The Freehold Trust Company is also liable to complainant. In direct violation of the statute, an act concerning trust companies (Revision 1899, section 7), it mingled the funds turned over to it by the lighting company, namely, the money to pay the bonds which was impressed with a trust for that purpose, with other funds already on deposit by it with the Asbury Park and Ocean Grove Trust Company. The trustee is not saved by the immunity clause in the deed of trust secur*245ing the mortgage which reads as follows: “The trustee shall not be answerable for any act, default, neglect or misconduct of any of its agents or employes, nor in any way answerable or accountable except for bad faith.” Here we have a direct violation of a statutory duty which amounts to bad faith. In Conover v. Guarantee Trust Co., 38 N. J. Eq. 450, affirmed in the court of errors and appeals, 89 N. J. Eq. 585, YiceChancellor Learning says: “Trustees are bound to observe the limits placed upon their powers either by law or by the trust instrument and if they transcend such powers and cause damage to the estate, they will be held responsible therefor although they may have acted in perfect good faith.

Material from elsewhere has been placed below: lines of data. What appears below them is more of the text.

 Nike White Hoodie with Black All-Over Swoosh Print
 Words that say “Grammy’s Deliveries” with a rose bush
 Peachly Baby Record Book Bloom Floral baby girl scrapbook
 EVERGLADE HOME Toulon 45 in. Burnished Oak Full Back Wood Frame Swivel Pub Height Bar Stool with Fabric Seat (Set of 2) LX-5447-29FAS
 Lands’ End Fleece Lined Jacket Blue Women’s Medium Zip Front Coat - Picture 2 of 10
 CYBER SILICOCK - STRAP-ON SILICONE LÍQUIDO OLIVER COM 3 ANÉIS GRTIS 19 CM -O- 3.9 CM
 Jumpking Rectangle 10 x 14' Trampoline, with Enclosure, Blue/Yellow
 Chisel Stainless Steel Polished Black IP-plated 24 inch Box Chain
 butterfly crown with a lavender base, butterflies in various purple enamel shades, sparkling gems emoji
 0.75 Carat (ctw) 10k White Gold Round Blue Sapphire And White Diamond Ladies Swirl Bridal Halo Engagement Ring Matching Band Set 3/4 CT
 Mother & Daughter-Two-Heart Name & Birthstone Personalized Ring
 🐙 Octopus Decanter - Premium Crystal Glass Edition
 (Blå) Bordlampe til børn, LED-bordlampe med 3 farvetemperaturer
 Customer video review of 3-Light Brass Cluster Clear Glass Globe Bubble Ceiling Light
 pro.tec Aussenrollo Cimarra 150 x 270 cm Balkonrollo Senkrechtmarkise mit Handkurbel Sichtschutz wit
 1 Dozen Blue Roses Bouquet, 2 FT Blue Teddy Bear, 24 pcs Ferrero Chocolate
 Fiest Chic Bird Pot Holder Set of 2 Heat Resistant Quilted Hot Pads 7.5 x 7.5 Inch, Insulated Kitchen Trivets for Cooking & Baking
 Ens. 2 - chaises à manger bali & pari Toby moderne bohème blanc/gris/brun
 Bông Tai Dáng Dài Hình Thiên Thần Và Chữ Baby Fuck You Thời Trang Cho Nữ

In Woodruff v. Freehold Trust Co., 112 N. J. Eq. 405, in a suit, on other bonds a part of this bond issue, against the Freehold Trust Company and the Asbury Park and Ocean Grove Trust Company, it was held that no recovery could be had against the defendants, since the deed of trust imposed no duty upon the trustee with respect to the fund for payment of the bonds, and that in. making the deposit in the Asbury Park bank, the trustee selected a bank which apparently was sound. I do not consider that this decision is controlling in the instant suit since it does not appear that the court there considered the violation of the statute by the trustee in mingling the bond redemption fund with other moneys. It is this statute which brings the instant suit within the principle laid down in Conover v. Guarantee Trust Co., supra.
A decree will be advised imposing a liability to pay the face of the bonds held by complainant, together with the five per cent, premium provided in the deed of trust, and also together with interest on the face of the bonds from the time of the commencement of this suit. The Lighting Company is entitled to a right of subrogation against The Freehold Trust Company and may file a petition therefor.